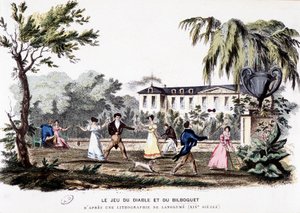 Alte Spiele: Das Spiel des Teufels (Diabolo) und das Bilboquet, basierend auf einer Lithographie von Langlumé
* * *
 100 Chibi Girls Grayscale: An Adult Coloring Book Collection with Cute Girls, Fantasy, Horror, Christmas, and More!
==
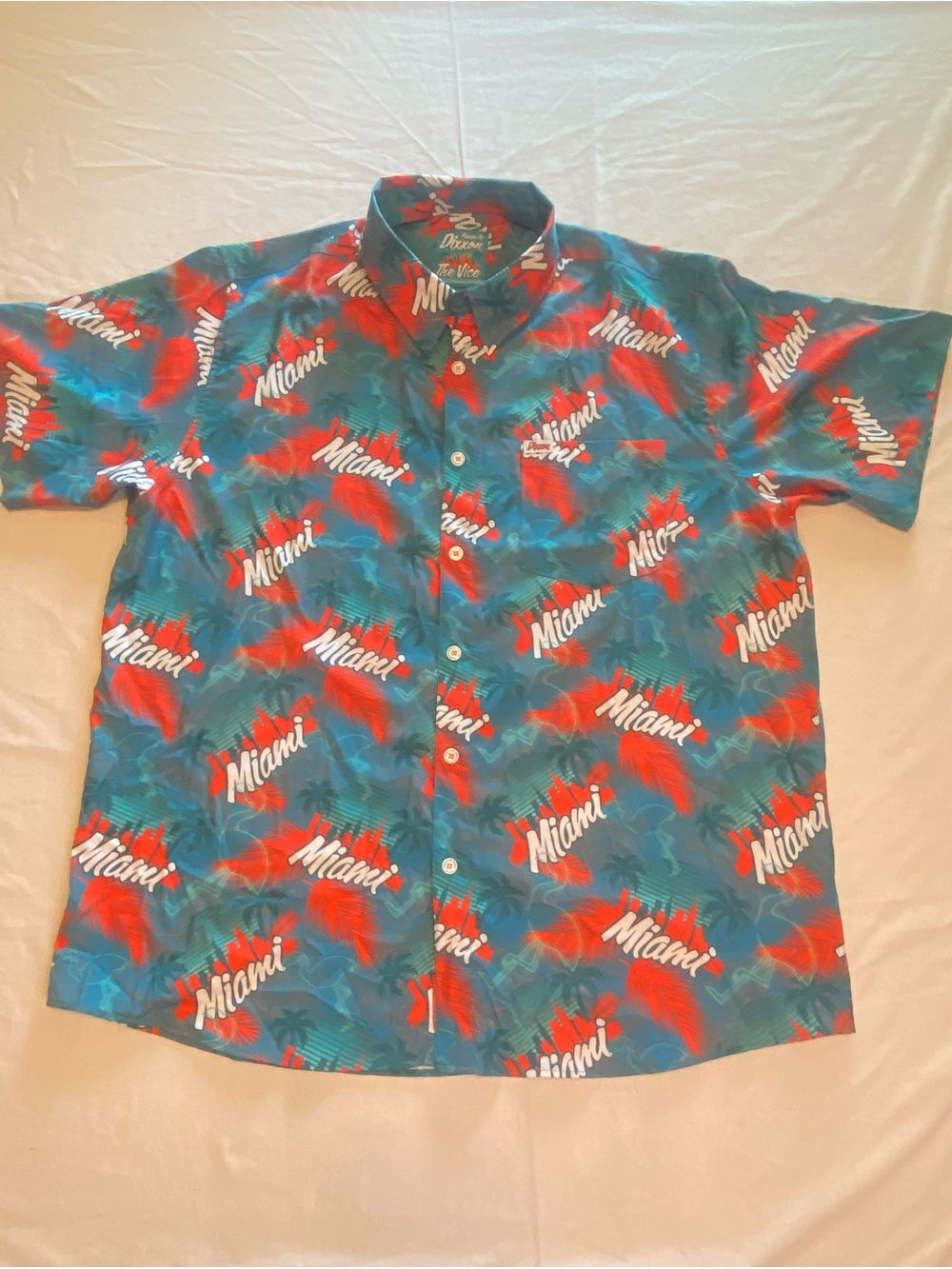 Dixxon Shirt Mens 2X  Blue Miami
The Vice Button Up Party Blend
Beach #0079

- Directions for this task: Transcribe the listing above exactly, but only from the line with "Dixxon Shirt Mens" through the line with "Beach #0079". Include both of those lines and omit the pictures.

- Answer box:
 Dixxon Shirt Mens 2X  Blue Miami
The Vice Button Up Party Blend
Beach #0079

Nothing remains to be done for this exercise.